6. Rate limiting and DDoS protection
If you make many requests in a row, even through different IPs, the site may block you:
- 429 Too Many Requests — you exceeded the request limit
- Temporary blocking — usually for 1-24 hours
- Permanent blocking — if you continue attacking the server
- Cloudflare, WAF — specialized protection systems that distinguish bots from humans
7. Practical solutions
✓ Use residential proxies instead of datacenters
Residential proxies are real IP addresses of home users. They are much harder to detect because they look like normal traffic. Datacenters are often blocked because their ASN is known.
✓ Add delays between requests
import time
import random
for url in urls:
response = requests.get(url, headers=headers, proxies=proxies)
# Random delay from 1 to 5 seconds
time.sleep(random.uniform(1, 5))
✓ Rotate proxies
Don't use one IP for all requests. Switch between different addresses:
proxies_list = [
'http://proxy1:port',
'http://proxy2:port',
'http://proxy3:port',
]
for i, url in enumerate(urls):
proxy = proxies_list[i % len(proxies_list)]
response = requests.get(url, proxies={'http': proxy, 'https': proxy})
✓ Check IP before using
Make sure the IP is not blacklisted:
import requests
def check_ip_reputation(ip):
response = requests.get(f'https://ipqualityscore.com/api/json/ip/{ip}')
data = response.json()
return data.get('fraud_score', 0)
# Use only IPs with low score
if check_ip_reputation(proxy_ip) < 75:
# IP is safe
pass
✓ Use browser automation for complex sites
If a site uses JavaScript and complex protection, regular HTTP requests won't help. Use Selenium or Puppeteer:
from selenium import webdriver
options = webdriver.ChromeOptions()
options.add_argument('--proxy-server=http://proxy:port')
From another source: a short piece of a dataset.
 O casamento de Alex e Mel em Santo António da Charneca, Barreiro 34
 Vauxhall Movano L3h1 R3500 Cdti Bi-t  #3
driver = webdriver.Chrome(options=options)
driver.get('https://example.com')
✓ Use mobile proxies for mobile sites
Mobile proxies work through real mobile networks (4G/5G). They are more reliable for mobile applications and are often not blocked by sites that restrict access for PCs.
✓ Handle errors correctly
try:
response = requests.get(url, proxies=proxies, timeout=10)
response.raise_for_status()
except requests.exceptions.ProxyError:
print("Proxy error — IP may be blocked")
except requests.exceptions.Timeout:
print("Timeout — server is not responding")
except requests.exceptions.HTTPError as e:
if response.status_code == 403:
print("Access denied — try a different proxy")
Summary
Sites block proxies for various reasons: from detecting traffic patterns to simple IP reputation. There's no universal solution, but a combination of good proxies, correct headers, delays and IP rotation will solve most problems.
For scraping and automation it's recommended to use quality residential proxies that look like real traffic from home users. They are more expensive than datacenters, but work more reliably and are rarely blocked.